Topic Reference Relevance
Embedding drift troubleshooting 04-retrieval-system-troubleshooting.md Detailed debugging when embedding drift is detected by this monitoring system
RAG pipeline cost optimization US-06-rag-pipeline-cost-optimization.md Cost management for the re-embedding and indexing pipelines
Performance monitoring Skill-4.3.1 through 4.3.4 Broader FM inference monitoring that feeds into vector store performance correlation
DynamoDB source monitoring DynamoDB folder Source data change detection that triggers the embedding refresh pipeline
Security guardrails Security-Privacy-Guardrails Access control policies for OpenSearch Serverless collections
Model evaluation Evaluation-Systems-GenAI Recall@K and retrieval quality metrics feed into end-to-end evaluation

Key Takeaways

  1. Embedding freshness is a first-class operational metric — stale embeddings cause silent quality degradation that users notice (irrelevant recommendations) but standard infrastructure monitoring misses entirely. Track source_updated_at vs embedding_created_at for every document.

  2. HNSW tuning is continuous, not set-and-forget — as data volume grows and query patterns shift, the optimal ef_search/m balance changes. Nightly benchmarks with a ground-truth query set catch drift before users feel it.

  3. The recall vs latency tradeoff is the core operational tension — higher ef_search improves recall but increases latency; the right balance depends on your SLA. For MangaAssist, we accept p95 < 80ms for recall@10 > 0.90.

  4. Segment count is a hidden performance killer — OpenSearch accumulates small segments during indexing; without scheduled compaction, query latency creeps up silently as k-NN search must scan each segment independently.

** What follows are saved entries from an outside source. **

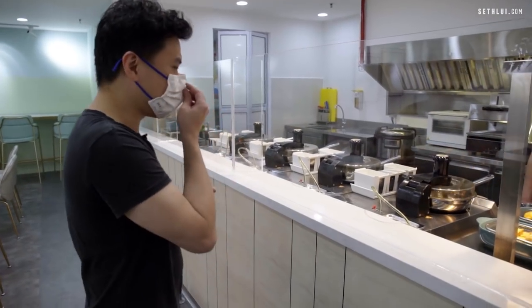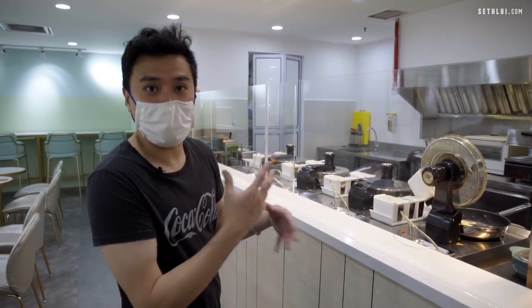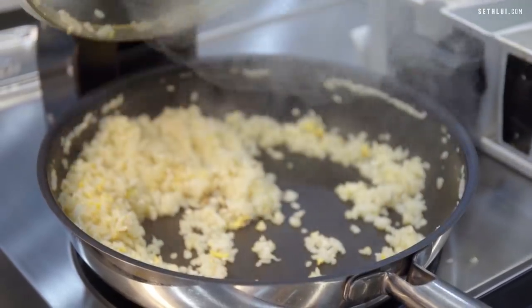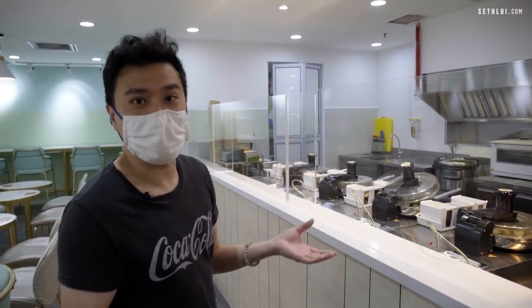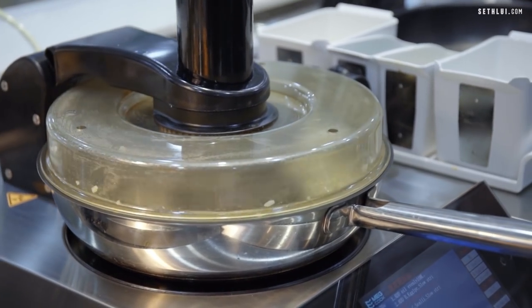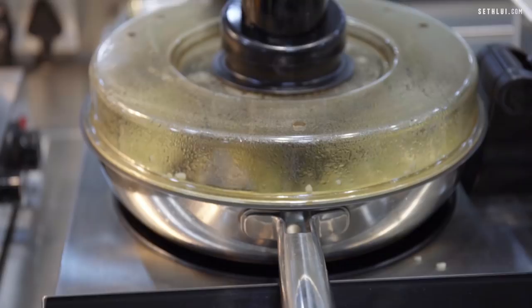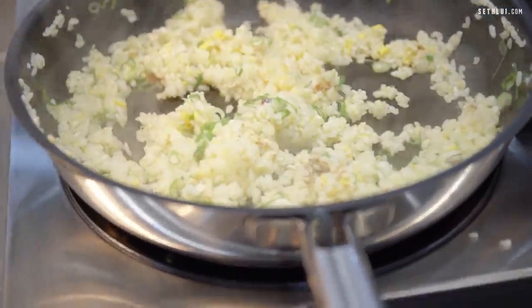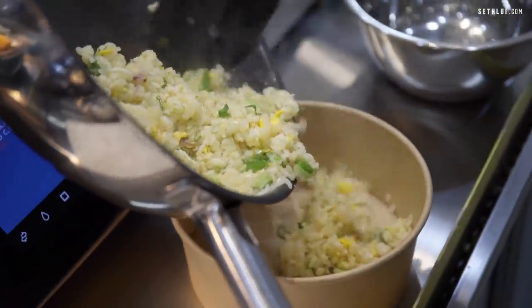Being from the F&B industry, I understand how hard it is to have consistent manpower in the kitchen. This new technology actually saves a lot of that issue. You have everything automatically programmed, so they can get a very consistent fried rice — that's obviously Bowl and Bowl's specialty item, their egg fried rice. There's a little automatic stirrer so it just stirs the rice so it doesn't burn. The exact timing for each fried rice is 1 minute 43 seconds, no more no less, so everything is super precise.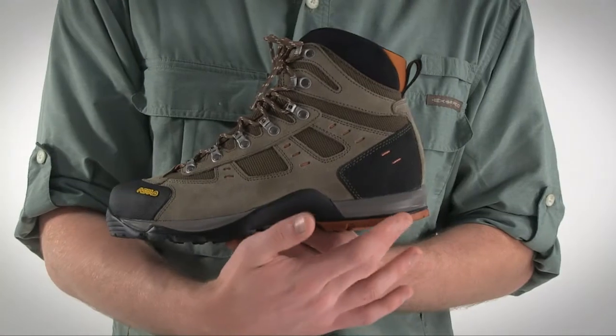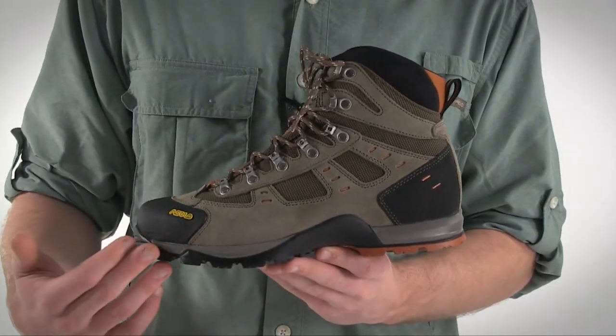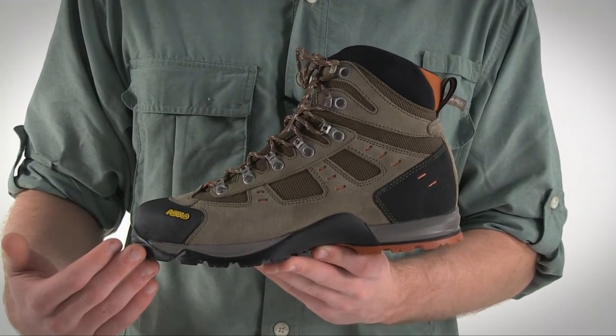The Echo also has a higher cut design, which is going to give you more ankle support than a low cut boot. Check out Oslo's Echo Hiking Boots online.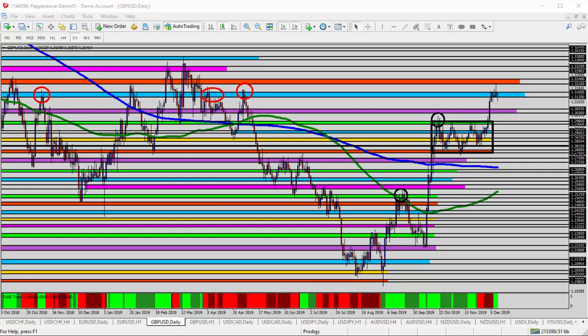Hello everyone, this is Ross with Market Traders Daily, and this is today's video analysis for December 11, 2019.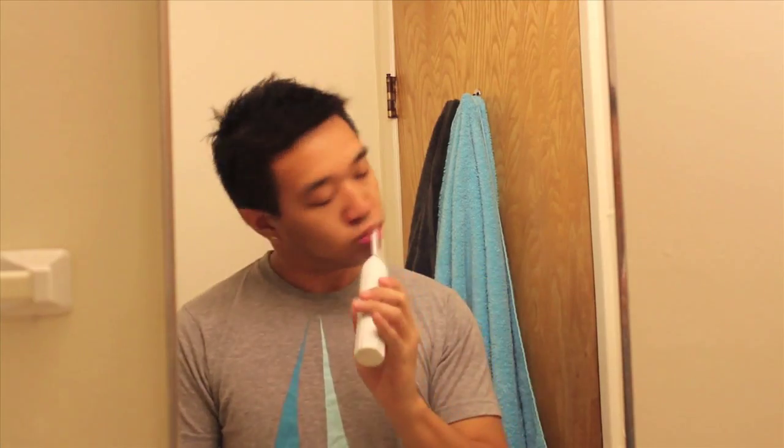This is me out of the shower. I use my Sonicare toothbrush and my 3D White toothpaste — everyone should be brushing their teeth before they go out because it's good to have good breath and good hygiene. I fast-forwarded so you don't actually have to see me brushing my teeth the whole time. Now I'm spitting out the junk.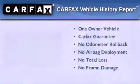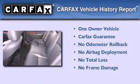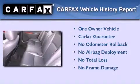This Lexus has had only one owner and it qualifies for the Carfax buyback guarantee. Contact us today to arrange your test drive.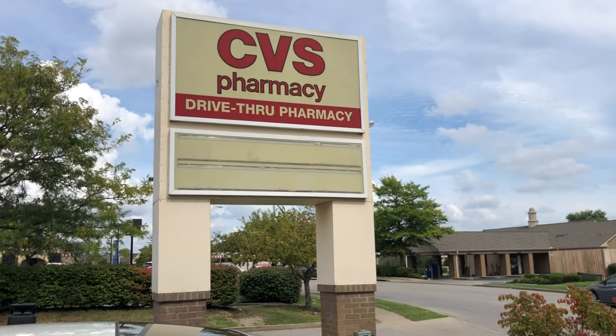Good afternoon friends! I'm about to head over to CVS to do my weekly couponing, and I'm going to take you along with me. Let's head in-store now — I think I'm ready for this epic beauty event.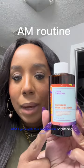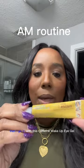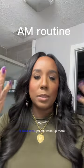At 8 a.m., I go in with this Niacinamide brightening toner. Then I top it with the Daily Brightening Serum. Then I go in with this Caffeine Wake Up Eye Gel. I put this under my eyes — it kind of helps me wake up more.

  5. Stale embeddings cause silent quality degradation — unlike a service outage (which triggers alarms), stale embeddings return plausible but wrong results. The chatbot still responds confidently with outdated product information — the most dangerous failure mode.

  6. Mixed embedding model versions invalidate similarity scores — treat model version consistency as a hard constraint, not a nice-to-have. A single document embedded with v1 in a v2 index corrupts neighbor relationships for all nearby vectors.

  7. OCU cost is the primary operational expense — OpenSearch Serverless auto-scales OCUs based on load, and unoptimized queries (full scans, excessive ef_search) directly translate to higher CloudWatch bills. Monitor OCU/query as a cost efficiency metric.